You should purchase an EF-S lens that starts around 18mm to get that wide-angle look that you are wanting. Example: EF-S 15-85mm, EF-S 18-55mm, EF-S 17-55mm, etc.


----------



## cx1 (Feb 14, 2012)

drindrin said:


> hey guys just wondering what you guys think about this lens? I'm new to the camera world, and just want a wide lens to take some cool photos is this a good lens, i have a 600d.
> 
> thanks



You would need an FD to EF adapter http://www.ebay.com/sch/i.html?_nkw=FD+to+EF+adapter

But as ghosh9691 said it would not be that wide on your camera.


----------



## ghosh9691 (Feb 14, 2012)

cx1 said:


> drindrin said:
> 
> 
> > hey guys just wondering what you guys think about this lens? I'm new to the camera world, and just want a wide lens to take some cool photos is this a good lens, i have a 600d.
> ...



Yes, with the adapter you could make it work. There are two types of adapters - with glass or without glass. Without glass, you will not be able to focus most of the FD lenses to infinity. With glass, depending on the quality of the adapter, you will most likely get image degradation.

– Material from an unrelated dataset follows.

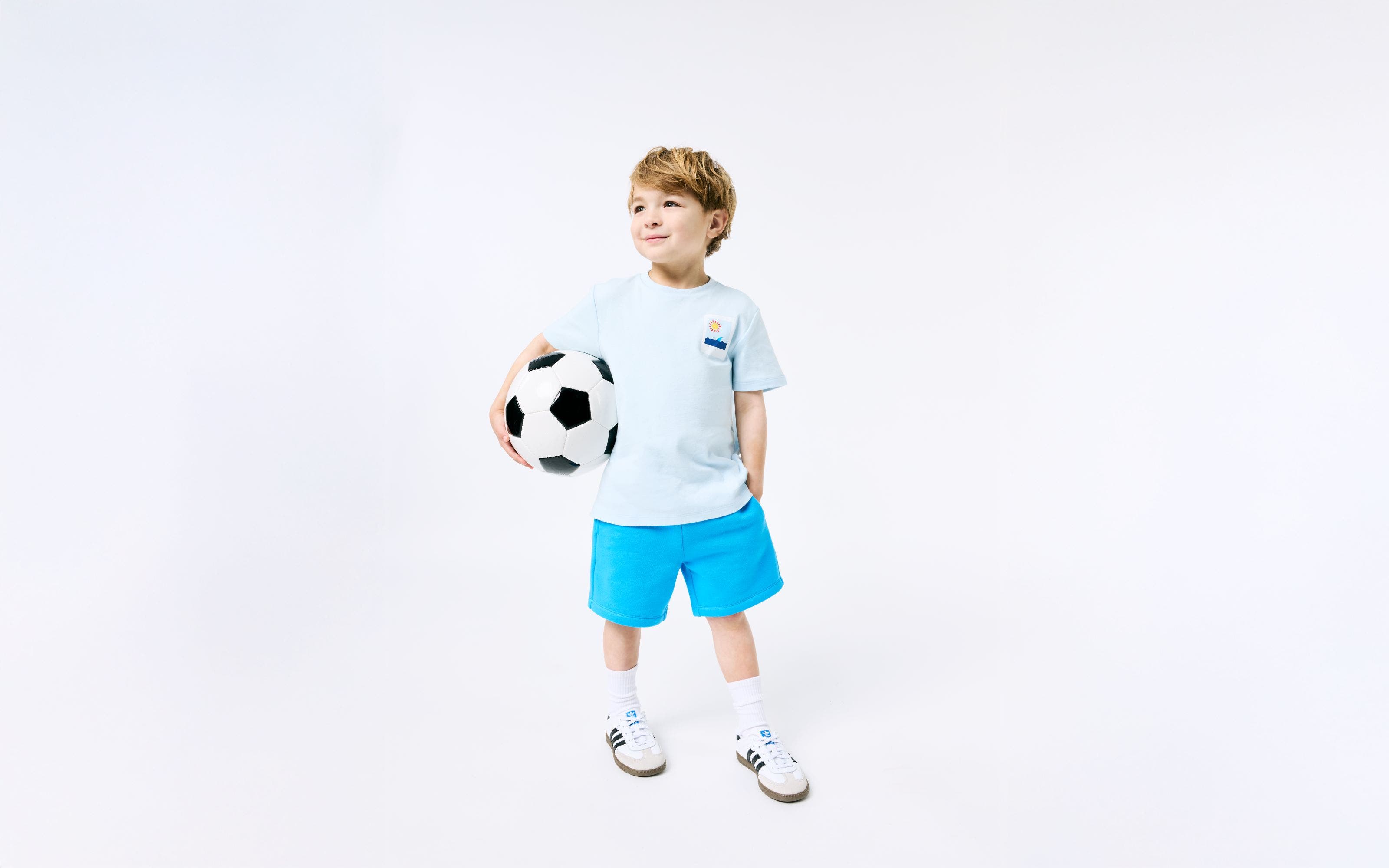 A boy holding a soccer ball.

Also, with all FD lenses on EOS cameras via adapters:

You will need to focus manually. This will be difficult because the EOS cameras are not setup for easy focus determination. There are techniques that can be used to focus manually, but most take time to achieve.
You will need to set aperture manually. You will have to focus with a wide open aperture, and then just before pressing the shutter, you will need to close the aperture down to your selected aperture
Metering will need to done in stopped down mode - i.e. with the aperture set to what you want.

Overall, I would recommend that you purchase one of the EF-S lenses that start around 18mm based on your budget.


----------



## Tijn (Feb 14, 2012)

The Canon EF-S 15-85mm f/3.5-5.6 IS USM will give you the same short tele range, but it will give you the wide range as well (15mm is very wide) that you mentioned you were looking for. 28mm is not wide on a crop sensor camera (such as the 600D or 60D or 7D). This 15-85 lens also has image stabilisation and is also very sharp. I think it is the best all-round main lens for a Canon crop sensor camera, with the single exception of the Canon EF-S 17-55 f/2.8 IS USM lens for those that require a large constant aperture, for example to shoot in low light conditions.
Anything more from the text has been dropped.